Gérard PERIDIEZ – Né vers 1730

Reçu Maître le 27 juillet 1761

Fils aîné de Brice Péridiez, sa carrière se déroule tout entière dans l’enclos du Temple, où il a commencé à travailler comme ouvrier libre, fournissant un certain nombre de marchands, en particulier ses confrères Léonard Boudin, Louis Noël Malle et peut-être Pierre Migeon. Plus tard, en 1770, l’incendie de son propre magasin l’oblige à déposer son bilan, mais il reprend sa fabrication jusque dans les années précédant la Révolution. Ayant épousé la sœur d’un fondeur, Jonquoy, il travaille en collaboration avec son beau-frère et d’autres bronziers.

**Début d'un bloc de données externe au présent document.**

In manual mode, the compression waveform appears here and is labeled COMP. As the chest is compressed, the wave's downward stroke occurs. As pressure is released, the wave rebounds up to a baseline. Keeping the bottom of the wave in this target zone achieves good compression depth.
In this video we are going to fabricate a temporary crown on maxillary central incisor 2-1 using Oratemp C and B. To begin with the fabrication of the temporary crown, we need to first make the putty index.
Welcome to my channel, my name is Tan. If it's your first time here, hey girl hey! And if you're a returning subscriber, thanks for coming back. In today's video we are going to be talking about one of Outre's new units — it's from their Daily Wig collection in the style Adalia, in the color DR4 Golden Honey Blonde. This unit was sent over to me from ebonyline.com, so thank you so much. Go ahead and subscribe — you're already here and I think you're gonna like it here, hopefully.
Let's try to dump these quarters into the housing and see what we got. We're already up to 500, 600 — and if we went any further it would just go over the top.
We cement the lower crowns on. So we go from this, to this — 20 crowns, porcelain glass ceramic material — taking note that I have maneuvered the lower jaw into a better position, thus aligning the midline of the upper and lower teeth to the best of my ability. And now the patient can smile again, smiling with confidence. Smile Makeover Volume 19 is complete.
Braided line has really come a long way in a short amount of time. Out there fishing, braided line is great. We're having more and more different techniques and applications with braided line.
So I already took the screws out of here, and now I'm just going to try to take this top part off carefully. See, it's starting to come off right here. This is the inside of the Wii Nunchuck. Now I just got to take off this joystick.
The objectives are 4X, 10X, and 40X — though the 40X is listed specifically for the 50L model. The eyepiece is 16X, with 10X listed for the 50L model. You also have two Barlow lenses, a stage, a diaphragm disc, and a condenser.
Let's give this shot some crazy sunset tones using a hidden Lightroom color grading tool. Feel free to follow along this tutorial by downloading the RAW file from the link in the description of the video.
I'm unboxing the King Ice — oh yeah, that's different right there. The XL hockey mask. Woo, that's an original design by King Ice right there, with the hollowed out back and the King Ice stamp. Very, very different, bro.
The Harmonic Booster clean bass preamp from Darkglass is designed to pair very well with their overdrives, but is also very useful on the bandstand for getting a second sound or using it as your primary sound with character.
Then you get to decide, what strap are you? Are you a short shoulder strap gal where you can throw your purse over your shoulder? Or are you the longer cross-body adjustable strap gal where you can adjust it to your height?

On ne connaît pratiquement, de cet ébéniste, que des œuvres Louis XV, ce qui laisse supposer que sa production resta très réduite après 1770. Il s’agit de commodes, de bureaux à cylindre, de coiffeuses, de petites tables au galbe fort élégant, ornés de marqueteries de motifs géométriques ou de fleurs, ou encore de laque d’Extrême-Orient. Tous ces ouvrages sont exécutés avec beaucoup de soin. L’un des plus remarquables et des plus typiques est un meuble dit à hauteur d’appui (87 x 128 cm) orné d’une séduisante marqueterie de fleurs, de feuillages, d’oiseaux et de souples rinceaux polychromés et gravés se détachant sur un fond de placage blond clair. Ce meuble, qui ouvre par deux rideaux à lamelles coulissantes, est passé en vente à la galerie Charpentier le 16 juin 1960, sous le n° 76. Autre travail digne d’intérêt, une coiffeuse en forme de cœur vendue à Paris en 1973. On en connaît d’autres exemplaires signés de différents ébénistes, dont son père Brice, Jean-François Oeben, Landrin, etc., mais, selon certains auteurs, l’invention de ce meuble serait due à l’un des Péridiez. 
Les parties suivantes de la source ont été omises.